Ainsi que le dit Marx :

À intensité et force productive du travail données, la partie de la journée de travail nécessaire à la production matérielle est d’autant plus courte, et donc la partie de temps conquise pour des occupations libres, spirituelles et sociales des individus est d’autant plus grande que le travail est plus uniformément réparti entre tous les membres de la société en mesure de travailler et qu’il est moins possible qu’une couche de la société se défasse de la nécessité naturelle du travail pour en accabler une autre couche sociale. Dans cette perspective, la limite absolue du raccourcissement de la journée de travail est la généralisation universelle du travail. Tandis que dans la société capitaliste, on produit du temps libre pour une classe en transformant tout le temps de vie des masses en temps de travail. (593)

C’est très clair : l’oisif ira loger ailleurs, comme disent les paroles de l’Internationale ou encore, comme le dit saint Paul, « qui ne travaille pas ne mange pas ». Mais du même coup, c’est le loisir pour tous qui devient possible et n’est plus réservé à une classe sociale particulière. Dans ce qui sert de conclusion au livre III du Capital, Marx écrit à propos du travail et de la production après l’abolition du mode de production capitaliste :

Dans ce domaine,

la liberté ne peut consister qu’en ceci : les producteurs associés — l’homme socialisé — règlent de manière rationnelle leurs échanges avec la nature et les soumettent à leur contrôle commun au lieu d’être dominés par la puissance aveugle de ces échanges ; et ils les accomplissent en dépensant le moins d’énergie possible, dans les conditions les plus dignes et les plus conformes à leur nature humaine. (souligné par nous, DC)

Une autre perspective

Quand on fait les comptes, il n’est plus question de croissance ni de décroissance. Il faut simplement remettre tout à plat. Nos sociétés soit-disant hyper-productives sont en réalité de moins en moins productives puisque pour obtenir le travail d’une seule personne, il y a maintenant une hiérarchie de parasites à faire pâlir de jalousie feue la bureaucratie soviétique. Communiquants, cabinets d’audit, spécialistes du marketing et autres « bullshit jobs » (voir David Graeber, La bureaucratie) non seulement sont payés pour des activités inutiles et même le plus souvent nuisibles, mais encore gaspillent des bureaux à chauffer, climatiser et éclairer, consomment des ressources énergétiques dans leurs innombrables connexions informatiques, et produisent directement ou indirectement le stress des travailleurs qui conduit au burn-out, aux accidents du travail et à la destruction de la principale force productive, le travail.

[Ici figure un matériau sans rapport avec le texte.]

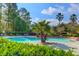 Sparkling community pool featuring lounge chairs, lush greenery, and towering palm trees under a sunny blue sky at 700 Daniel Ellis Dr # 14206, Charleston, SC 29412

Il est de ton dans les milieux de la gauche « vraiment à gauche » de dénoncer le « libéralisme » ou le « néolibéralisme ». Mais c’est une mauvaise plaisanterie. Le mode de production capitaliste moderne n’est pas libéral, il est centralisateur, bureaucratique et l’esprit de flicage policier règne en maître. Le régime chinois n’est que l’une des variantes du capitalisme d’aujourd’hui. Mais les grandes entreprises qui dominent le monde ne sont pas essentiellement différentes, ni dans leurs objectifs, ni dans leurs méthodes, ni même dans les discours lénifiants prétendant qu’ils n’agissent que pour le plus grand bien de tous.

Le discrédit dans lequel est tombé le socialisme tient précisément à ce qu’il n’a pas proposé une perspective foncièrement différente de celle du capitalisme, mais a surtout prolongé jusqu’à l’absurde les tendances profondes du mode de production capitaliste. Et comme le capitalisme, le socialisme réellement existant a détruit aveuglément la terre et le travail. Voilà pourquoi un socialisme pour les temps nouveaux doit partir d’un bilan critique du vieux socialisme et pourrait ainsi se réconcilier avec les classes laborieuses qui se sont radicalement détournée de lui.